- Genre: Action thriller
- Written by: Abhirup Ghosh
- Directed by: Abhirup Ghosh
- Starring: Swastika Mukherjee; Anirban Chakrabarti; Sreya Bhattacharya; Shruti Das; Himika Bose;
- Country of origin: India
- Original language: Bengali
- No. of seasons: 1
- No. of episodes: 7

Production
- Producer: Abhirup Ghosh
- Cinematography: Subhadeep Naskar
- Production company: Edgy Entertainment

Original release
- Network: ZEE5
- Release: 23 January 2026

= Kaalipotka =

Kaalipotka is a 2026 Indian Bengali-language action thriller web series directed and written by Abhirup Ghosh. Produced by Edgy Entertainment, the series stars Swastika Mukherjee, Anirban Chakrabarti, Sreya Bhattacharya, Shruti Das, and Himika Bose in the lead roles. The series premiered on ZEE5 on 23 January 2026.
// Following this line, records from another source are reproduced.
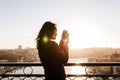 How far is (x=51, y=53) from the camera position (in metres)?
4.22

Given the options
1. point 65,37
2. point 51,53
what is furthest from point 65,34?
point 51,53

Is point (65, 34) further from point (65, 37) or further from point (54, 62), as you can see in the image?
point (54, 62)

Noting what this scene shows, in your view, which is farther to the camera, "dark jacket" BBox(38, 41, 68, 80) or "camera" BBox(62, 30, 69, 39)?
"camera" BBox(62, 30, 69, 39)

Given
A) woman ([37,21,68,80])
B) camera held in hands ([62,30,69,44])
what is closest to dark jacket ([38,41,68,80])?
woman ([37,21,68,80])

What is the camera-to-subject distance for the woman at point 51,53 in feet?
13.8

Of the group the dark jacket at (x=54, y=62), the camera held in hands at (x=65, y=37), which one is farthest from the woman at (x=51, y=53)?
the camera held in hands at (x=65, y=37)

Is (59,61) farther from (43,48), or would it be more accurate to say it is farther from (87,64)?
(87,64)

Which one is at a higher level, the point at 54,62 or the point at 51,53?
the point at 51,53

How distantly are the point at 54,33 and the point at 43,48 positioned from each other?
0.91 feet

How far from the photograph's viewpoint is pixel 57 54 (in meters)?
4.20

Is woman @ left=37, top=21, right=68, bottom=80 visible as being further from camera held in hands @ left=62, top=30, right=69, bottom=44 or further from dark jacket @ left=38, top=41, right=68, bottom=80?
camera held in hands @ left=62, top=30, right=69, bottom=44

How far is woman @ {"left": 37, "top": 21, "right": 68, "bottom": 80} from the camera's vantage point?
13.8ft

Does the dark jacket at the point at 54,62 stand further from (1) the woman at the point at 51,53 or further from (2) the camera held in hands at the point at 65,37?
(2) the camera held in hands at the point at 65,37

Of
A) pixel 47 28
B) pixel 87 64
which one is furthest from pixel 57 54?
pixel 87 64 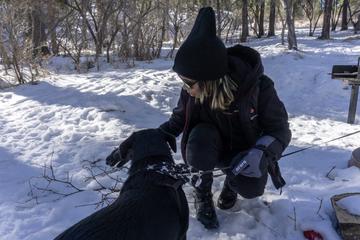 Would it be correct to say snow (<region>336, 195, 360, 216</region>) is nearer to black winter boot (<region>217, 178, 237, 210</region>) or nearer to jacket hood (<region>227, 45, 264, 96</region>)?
black winter boot (<region>217, 178, 237, 210</region>)

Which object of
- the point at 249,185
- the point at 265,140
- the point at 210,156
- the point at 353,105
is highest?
the point at 265,140

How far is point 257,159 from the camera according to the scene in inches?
81.9

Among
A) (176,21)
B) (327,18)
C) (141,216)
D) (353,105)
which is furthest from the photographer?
(327,18)

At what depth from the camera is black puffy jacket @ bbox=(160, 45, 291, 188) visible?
222 cm

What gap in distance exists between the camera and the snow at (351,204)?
2.33 m

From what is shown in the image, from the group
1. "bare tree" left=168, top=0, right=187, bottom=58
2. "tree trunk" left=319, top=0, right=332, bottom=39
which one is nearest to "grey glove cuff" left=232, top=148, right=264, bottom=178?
"bare tree" left=168, top=0, right=187, bottom=58

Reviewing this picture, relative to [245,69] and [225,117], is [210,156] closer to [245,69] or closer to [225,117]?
[225,117]

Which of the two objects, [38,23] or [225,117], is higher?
[38,23]

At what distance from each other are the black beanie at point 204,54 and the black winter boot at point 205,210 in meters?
0.74

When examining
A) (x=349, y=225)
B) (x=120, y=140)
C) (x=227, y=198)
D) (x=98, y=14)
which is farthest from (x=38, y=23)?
(x=349, y=225)

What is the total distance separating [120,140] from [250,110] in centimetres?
177

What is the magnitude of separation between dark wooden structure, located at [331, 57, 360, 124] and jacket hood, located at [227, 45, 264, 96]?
9.75 feet

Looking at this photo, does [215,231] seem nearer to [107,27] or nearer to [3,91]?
[3,91]

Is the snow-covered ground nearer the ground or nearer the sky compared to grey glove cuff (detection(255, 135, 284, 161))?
nearer the ground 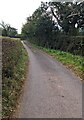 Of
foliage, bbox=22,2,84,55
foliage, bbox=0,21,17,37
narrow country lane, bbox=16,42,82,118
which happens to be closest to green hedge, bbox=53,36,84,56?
foliage, bbox=22,2,84,55

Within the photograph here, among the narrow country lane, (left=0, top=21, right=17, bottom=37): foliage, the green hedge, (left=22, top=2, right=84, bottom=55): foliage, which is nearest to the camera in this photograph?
the narrow country lane

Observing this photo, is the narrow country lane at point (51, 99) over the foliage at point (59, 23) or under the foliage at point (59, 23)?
under

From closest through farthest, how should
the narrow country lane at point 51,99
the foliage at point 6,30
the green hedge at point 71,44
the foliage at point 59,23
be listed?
the narrow country lane at point 51,99, the green hedge at point 71,44, the foliage at point 59,23, the foliage at point 6,30

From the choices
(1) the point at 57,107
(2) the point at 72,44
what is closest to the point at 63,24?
(2) the point at 72,44

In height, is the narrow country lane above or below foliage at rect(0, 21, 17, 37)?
below

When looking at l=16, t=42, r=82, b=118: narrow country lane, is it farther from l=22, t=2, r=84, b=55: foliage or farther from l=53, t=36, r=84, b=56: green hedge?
l=22, t=2, r=84, b=55: foliage

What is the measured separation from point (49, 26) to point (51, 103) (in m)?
34.4

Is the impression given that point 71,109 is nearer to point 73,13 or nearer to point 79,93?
point 79,93

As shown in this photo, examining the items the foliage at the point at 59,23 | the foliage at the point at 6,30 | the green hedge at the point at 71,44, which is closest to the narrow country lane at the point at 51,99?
the green hedge at the point at 71,44

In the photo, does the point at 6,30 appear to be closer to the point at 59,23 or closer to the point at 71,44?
the point at 59,23

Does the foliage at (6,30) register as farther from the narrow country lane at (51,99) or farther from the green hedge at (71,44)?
the narrow country lane at (51,99)

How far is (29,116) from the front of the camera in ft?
23.6

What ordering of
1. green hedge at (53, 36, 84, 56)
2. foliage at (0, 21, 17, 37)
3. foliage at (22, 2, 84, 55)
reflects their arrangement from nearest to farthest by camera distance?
green hedge at (53, 36, 84, 56), foliage at (22, 2, 84, 55), foliage at (0, 21, 17, 37)

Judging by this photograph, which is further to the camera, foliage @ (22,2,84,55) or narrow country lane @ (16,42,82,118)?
foliage @ (22,2,84,55) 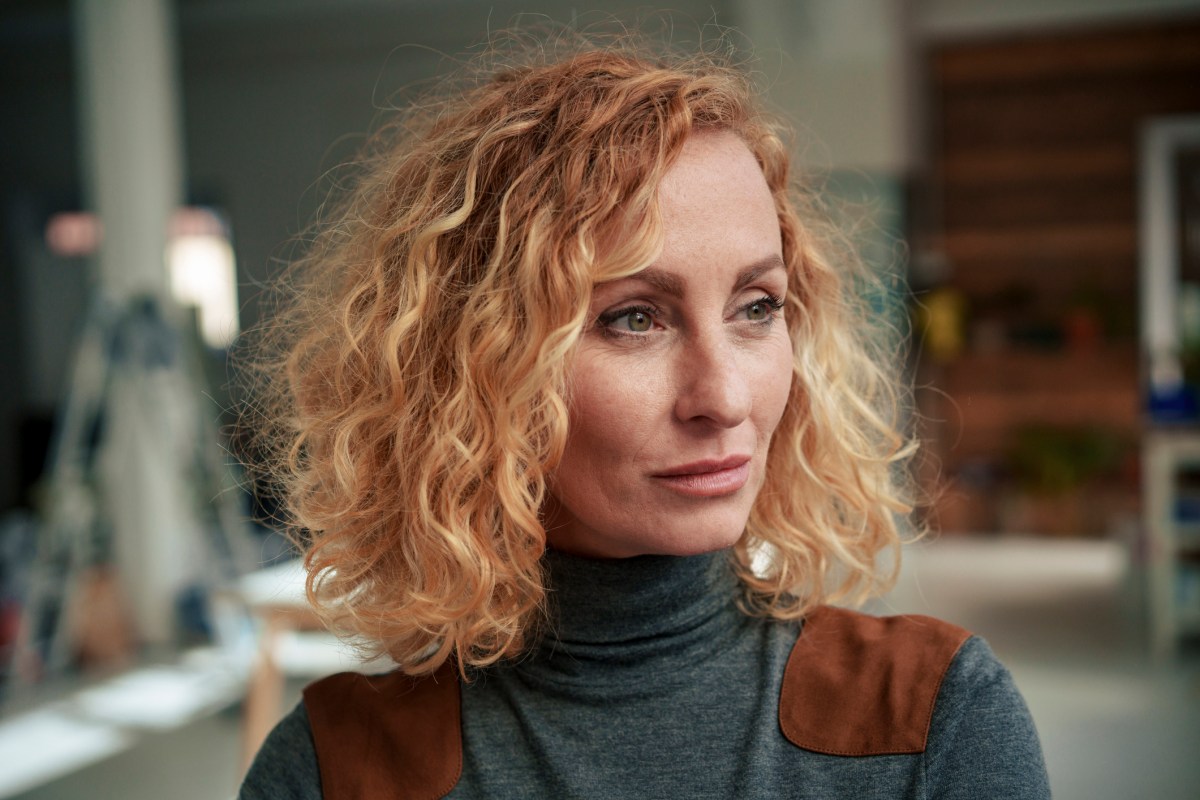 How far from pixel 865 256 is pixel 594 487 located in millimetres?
3667

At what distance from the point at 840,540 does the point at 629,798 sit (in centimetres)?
33

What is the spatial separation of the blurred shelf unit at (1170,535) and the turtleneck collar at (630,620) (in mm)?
4009

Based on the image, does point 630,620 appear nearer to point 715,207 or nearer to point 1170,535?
point 715,207

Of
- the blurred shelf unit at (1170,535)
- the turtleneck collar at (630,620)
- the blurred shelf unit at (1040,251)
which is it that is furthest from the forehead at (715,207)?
the blurred shelf unit at (1040,251)

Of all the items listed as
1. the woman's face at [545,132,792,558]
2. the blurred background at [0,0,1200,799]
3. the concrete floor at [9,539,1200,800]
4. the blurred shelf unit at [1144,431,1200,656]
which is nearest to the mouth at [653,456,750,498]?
the woman's face at [545,132,792,558]

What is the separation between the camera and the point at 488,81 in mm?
1085

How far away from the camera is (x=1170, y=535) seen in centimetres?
452

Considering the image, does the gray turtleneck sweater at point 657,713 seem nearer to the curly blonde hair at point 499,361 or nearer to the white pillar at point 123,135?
the curly blonde hair at point 499,361

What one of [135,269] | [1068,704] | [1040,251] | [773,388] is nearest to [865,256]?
[1068,704]

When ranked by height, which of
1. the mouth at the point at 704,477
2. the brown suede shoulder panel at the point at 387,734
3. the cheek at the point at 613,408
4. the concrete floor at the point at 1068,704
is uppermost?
the cheek at the point at 613,408

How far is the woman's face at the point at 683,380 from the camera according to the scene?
904mm

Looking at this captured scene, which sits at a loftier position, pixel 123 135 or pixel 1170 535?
pixel 123 135

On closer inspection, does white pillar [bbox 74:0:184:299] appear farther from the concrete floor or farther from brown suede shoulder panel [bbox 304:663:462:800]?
brown suede shoulder panel [bbox 304:663:462:800]

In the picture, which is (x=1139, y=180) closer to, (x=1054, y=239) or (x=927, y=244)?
(x=1054, y=239)
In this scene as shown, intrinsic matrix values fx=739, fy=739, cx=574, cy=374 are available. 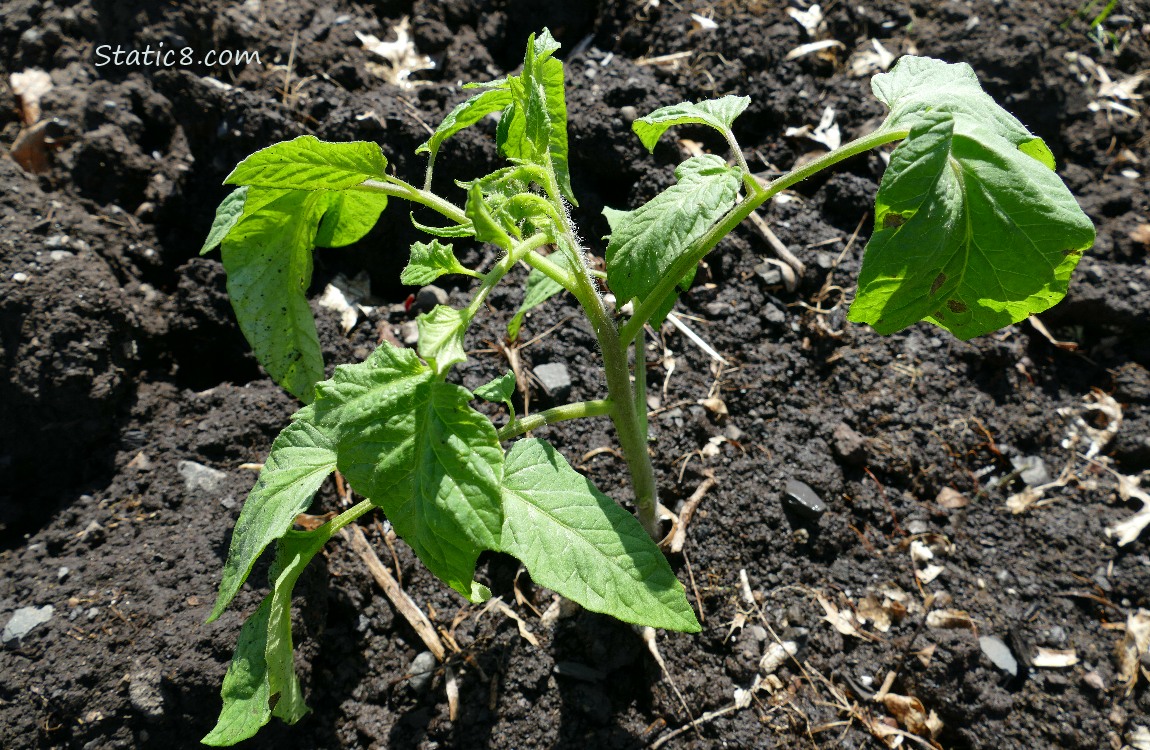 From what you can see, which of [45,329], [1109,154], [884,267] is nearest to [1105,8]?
[1109,154]

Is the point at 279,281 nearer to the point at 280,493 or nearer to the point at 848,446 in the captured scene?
the point at 280,493

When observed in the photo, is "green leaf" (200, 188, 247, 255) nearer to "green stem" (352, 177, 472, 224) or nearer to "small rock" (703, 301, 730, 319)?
"green stem" (352, 177, 472, 224)

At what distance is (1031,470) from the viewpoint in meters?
2.50

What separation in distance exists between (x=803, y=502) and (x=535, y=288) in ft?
3.57

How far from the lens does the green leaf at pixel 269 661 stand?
1626mm

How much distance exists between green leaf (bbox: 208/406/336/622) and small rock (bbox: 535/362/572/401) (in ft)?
3.12

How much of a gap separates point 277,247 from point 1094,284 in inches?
113

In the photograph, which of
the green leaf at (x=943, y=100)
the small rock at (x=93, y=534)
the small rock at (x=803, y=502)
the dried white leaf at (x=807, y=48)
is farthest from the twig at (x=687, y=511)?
the dried white leaf at (x=807, y=48)

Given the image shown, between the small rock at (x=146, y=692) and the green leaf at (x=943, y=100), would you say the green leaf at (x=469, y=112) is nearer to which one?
the green leaf at (x=943, y=100)

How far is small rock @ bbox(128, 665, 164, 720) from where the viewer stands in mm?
1936

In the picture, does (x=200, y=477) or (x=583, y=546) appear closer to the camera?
(x=583, y=546)

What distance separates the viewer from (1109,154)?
126 inches

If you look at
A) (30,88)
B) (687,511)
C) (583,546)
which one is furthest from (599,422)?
(30,88)

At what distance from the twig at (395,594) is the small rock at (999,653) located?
5.19 feet
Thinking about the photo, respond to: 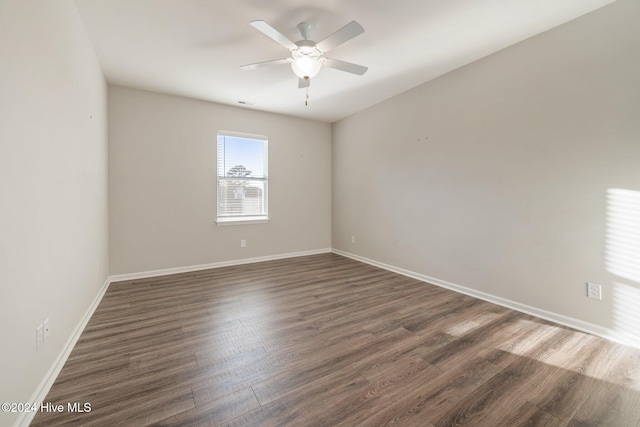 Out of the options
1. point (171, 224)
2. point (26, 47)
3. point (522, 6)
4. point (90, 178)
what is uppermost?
point (522, 6)

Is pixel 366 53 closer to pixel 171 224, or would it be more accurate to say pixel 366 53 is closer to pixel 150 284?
pixel 171 224

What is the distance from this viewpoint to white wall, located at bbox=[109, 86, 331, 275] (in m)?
3.59

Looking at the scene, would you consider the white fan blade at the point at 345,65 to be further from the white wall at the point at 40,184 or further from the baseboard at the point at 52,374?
the baseboard at the point at 52,374

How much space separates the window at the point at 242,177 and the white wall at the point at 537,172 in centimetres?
246

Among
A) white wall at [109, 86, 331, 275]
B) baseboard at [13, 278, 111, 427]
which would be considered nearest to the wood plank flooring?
baseboard at [13, 278, 111, 427]

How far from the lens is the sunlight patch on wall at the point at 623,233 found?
200 cm

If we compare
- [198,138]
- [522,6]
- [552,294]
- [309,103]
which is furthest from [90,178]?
[552,294]

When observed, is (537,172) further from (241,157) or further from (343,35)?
(241,157)

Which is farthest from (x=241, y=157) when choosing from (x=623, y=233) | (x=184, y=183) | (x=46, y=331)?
(x=623, y=233)

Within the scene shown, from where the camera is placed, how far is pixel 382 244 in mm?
4285

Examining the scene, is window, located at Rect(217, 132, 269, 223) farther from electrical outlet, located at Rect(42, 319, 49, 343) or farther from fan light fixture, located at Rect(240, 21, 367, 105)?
electrical outlet, located at Rect(42, 319, 49, 343)

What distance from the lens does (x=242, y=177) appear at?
4.53 metres

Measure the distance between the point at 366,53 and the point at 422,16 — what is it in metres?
0.68

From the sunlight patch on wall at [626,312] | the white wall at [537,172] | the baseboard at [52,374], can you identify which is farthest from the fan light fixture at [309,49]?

The series centres on four women from marginalised backgrounds whose lives intersect following an accidental death, leading them into a violent conflict involving organised crime and law enforcement.

== Premise ==
The narrative follows Srima, Rani, Rinku and Minoti—four women from disparate socio-economic backgrounds—who are drawn together by the accidental death of Minoti's husband. In their attempt to conceal the incident, they become entangled with Rana, a violent former convict, while simultaneously facing pressure from the local police. As events escalate, the women are forced to confront issues of power, survival and systemic exploitation.

== Cast ==

- Swastika Mukherjee as Srima
- Anirban Chakrabarti as Rana
- Sreya Bhattacharya as Minoti
- Shruti Das as Rani
- Himika Bose as Rinku
- Souman Bose as Mona

== Episodes ==

=== Season 1 ===

| No. | Title | Directed by | Written by | Original release date |
| 1 | "Barood" | Abhirup Ghosh | Abhirup Ghosh | 23 January 2026 |
Srima, Rani, Rinku, and Minoti share a close friendship while struggling to stay ahead of businessman Rana and loan agent Mona. Their fragile balance collapses after the sudden death of Minoti’s husband, setting off a dangerous chain of events.
| 2 | "Deshlai" | Abhirup Ghosh | Abhirup Ghosh | 23 January 2026 |
Grieving and overwhelmed, Minoti leans on Srima for support, drawing Rani and Rinku into shared responsibilities. As hidden motives, money, and loyalty intertwine, their situation spirals rapidly out of control.
| 3 | "Solte" | Abhirup Ghosh | Abhirup Ghosh | 23 January 2026 |
The police investigation intensifies with new discoveries that complicate the case. With suspicion tightening around Minoti, Srima crafts a risky plan with Rani and Rinku to redirect attention.
| 4 | "Agun" | Abhirup Ghosh | Abhirup Ghosh | 23 January 2026 |
Financial strain and long-buried secrets push the bond between the four women to its breaking point. As investigators draw closer, Srima’s instincts are tested like never before.
| 5 | "Phulki" | Abhirup Ghosh | Abhirup Ghosh | 23 January 2026 |
A shocking incident destroys the women’s attempt to rebuild their lives. Surrounded by eerie signs and growing fear, they confront unresolved trauma and question what the future holds.
| 6 | "Shihoron" | Abhirup Ghosh | Abhirup Ghosh | 23 January 2026 |
Chaos erupts in Rani’s life when a masked attacker delivers a threatening warning. With no safe escape, the women reunite to face the danger that could change everything.
| 7 | "Dhamaka" | Abhirup Ghosh | Abhirup Ghosh | 23 January 2026 |
Rana returns, fueled by vengeance, forcing the women into a final and unpredictable confrontation. With their lives on the line, survival becomes their only goal.

== Production ==
The series was produced by Abhirup Ghosh under the banner of Edgy Entertainment. Principal photography was conducted in West Bengal, with Subhadeep Naskar serving as the director of cinematography. The music for Kaalipotka was composed by Kuntal De, with lyrics written by Victor Mukherjee. The title track, also titled Kaalipotka, features vocals by Jojo Mukherjee, along with rap performances by the lead actresses Swastika Mukherjee, Shruti Das, Himika Bose and Sreya Bhattacharya.

== Release ==
The official trailer of the series was released on 16 January 2026. Kaalipotka began streaming on ZEE5 from 23 January 2026.

== Reception ==
Reviewing the series for The Times of India, Poorna Banerjee gave it 3.5 out of 5, remarking that the narrative loses momentum in its middle stretch but recovers toward the end. She described Kaalipotka as a compelling watch for audiences interested in bleak, female-centric storytelling.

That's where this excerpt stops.